Soeder also joined a growing chorus of test calls to become mandatory for vacationers returning to Germany.

“We are preparing everything so that if the federal government gives the green light, we can implement it immediately,” he said.

Amid the deliberations during the summer travels, about 500 workers were quarantined on a large Bavarian farm to stem a massive coronavirus outbreak.

At least 174 seasonal workers tested positive for the virus in the municipality of Mamming, most of them from Hungary, Romania, Bulgaria and Ukraine.

Soeder said on Monday that Bavaria would test all seasonal workers in the state and increase fines for farms that break the rules to £ 25,000 (£ 23,000).

Passengers await their check-in at Düsseldorf Airport in the state of North Rhine-Westphalia, which is responsible for many of the recent new cases in Germany

Germany saw 3,695 new cases of coronavirus last week, up from 2,770 the week before and the highest weekly rate since May.

In addition, the closely monitored R rate has been above the critical threshold of 1.0 for much of the past two weeks. The last digit is 1.22.

The Robert Koch (RKI) disease institute says the recent surge is “very worrying” and occurs in a number of states.
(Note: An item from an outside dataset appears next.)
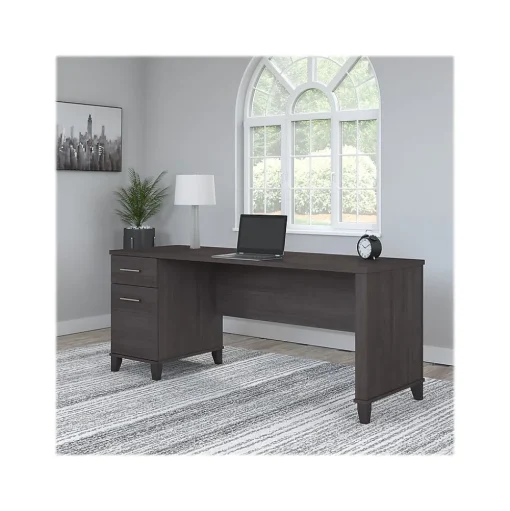 Bush Furniture Office Desks<Somerset 72"W Office Desk with Drawers, (WC81572)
Nationally, there are many smaller incidents in different administrative districts, which are interrelated in different ways, for example, larger parties in the family environment, leisure activities, jobs, as well as community and health facilities.

In addition, Covid-19 cases are increasingly identified among people returning from travel outside Germany.

Michael Kretschmer, the prime minister of the eastern federal state of Saxony, warned that the second wave was already underway.

Kretschmer a member of Angela Merkel’s CDU party said “The second wave of coronavirus is already there.

“It is already happening every day. Every day we have new clusters of infections that can get very high. ‘

Germany has had a total of 205,609 cases and 9,118 deaths, a significantly lower death toll than in Great Britain, Italy, Spain or France.